I blew my next question at her across the red-hot tip of her dead lover’s fine cigar. “And where were you when Rocco died?”
Her eyes sparkled. Toons can do that with their eyes. Usually it comes across affected and ridiculous, but when she did it, it made me want to cuddle her and coo inanities into her ear. “I hope you don’t suspect me of killing him.”
“I haven’t knocked anybody off the suspect list yet.” She shrugged again. To my dismay, the other side of her dress held the line. “I went to a movie and then for a walk. I went alone, and no one saw me. I came home around twelve-thirty and found Rocco dead in his study. I immediately called the police. In practical terms I have no alibi. But I also have no motive.”
“You mind if I take a look at the scene of the crime?”
“The police already went over it.”
“The police have been known to miss things before.” Jessica standing up reminded me of a skyrocket heading for outer space, one long, straight line of fire and smoke. “Sure, go ahead. It’s just across the hall there.”
I went inside Rocco’s study. The place was filled, top to bottom, with shelves containing probably every comic book Rocco had ever produced. From what the cops had told me, after being shot, Rocco had fallen forward across his desk, though I didn’t see how he found room. He had enough doodads on top of the desk to stock a hundred novelty toy shops. Most of them were little plastic or rubber wind-up contraptions depicting the ‘toons in his stable. I found Roger Rabbit. I twisted his tail, set him down, and he hopped from one side of the desk top to the other. The toy appeared to be discolored. When I picked it up and examined it closely, I saw it had Rocco’s blood on its paws. Good thing I wasn’t much on mystical significance.
I poked through the desk’s drawers until I found Rocco’s checkbook. I opened it and examined the last few stubs. He had written three checks yesterday. The first two were for $10,000 each. The stubs indicated both had been paid to the mysterious SS. The third and last stub indicated a check to a downtown art dealer, the Hi Tone Gallery of Comic Art. I did some mental arithmetic and figured out that the amount of this check equaled the sum total of the prices marked on the stolen artwork photos I had found in Rocco’s office.

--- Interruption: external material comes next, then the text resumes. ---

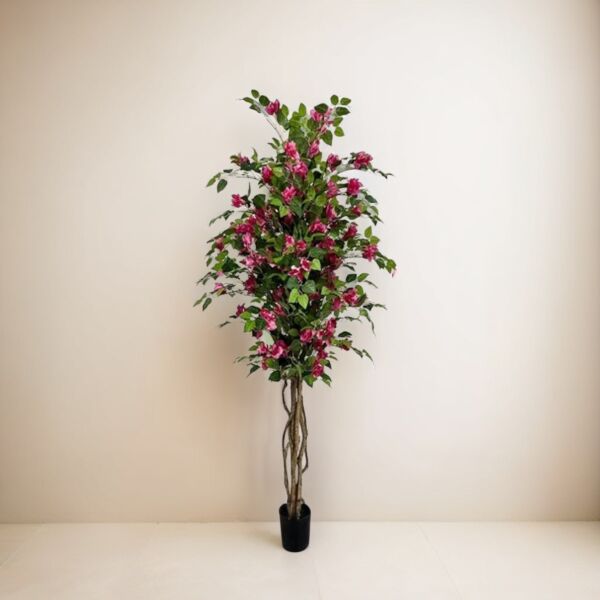baytonia_main product photo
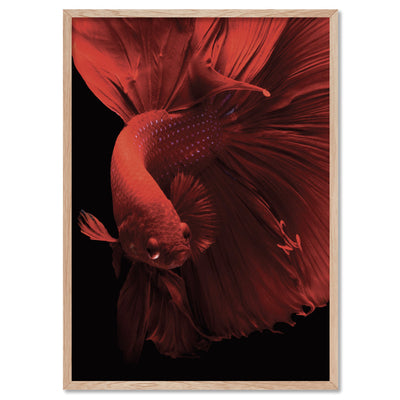 Japanese Red Betta Fighting Fish - Art Print, Poster, Stretched Canvas, or Framed Wall Art Print, shown in a natural timber frame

I poked around some more inside his desk, checked behind his pictures, rifled through about a hundred of his comics, and even looked under his rug. I was just about to give up when I struck pay dirt in the fireplace. A small scorched piece of comic-book negative stuck up through the grate. The negative contained an issue number but no title. I put the scrap into my notebook and rejoined Jessica in the living room.
“Find anything?” she asked. She held up a crystal decanter. I nodded, and she poured us each a double jigger.
“Nothing. I guess the police took away everything of any importance.”
“That it for the grilling then?”
“Not quite. We’ve still got another murder to go.” I demolished my drink and built myself a second. “Where were you when Roger died?”
She marched her delicate fingers around the edge of her glass. “Still walking the streets.”
“Not past Roger’s house by any chance?”
“Nowhere near.”
“You know Roger mentioned you in his last words.”
“So the police told me.”
“Any idea what he meant by it?”
“None.” She put her untouched drink down beside her untouched cigarette. If she kept up at this rate, pretty soon she wouldn’t have a vice left in the world and no idea how she got so pure. “I know you and the police both consider me a prime suspect in Roger’s murder,” she said, “but I’m not worried. Why should I be? I’m totally innocent.”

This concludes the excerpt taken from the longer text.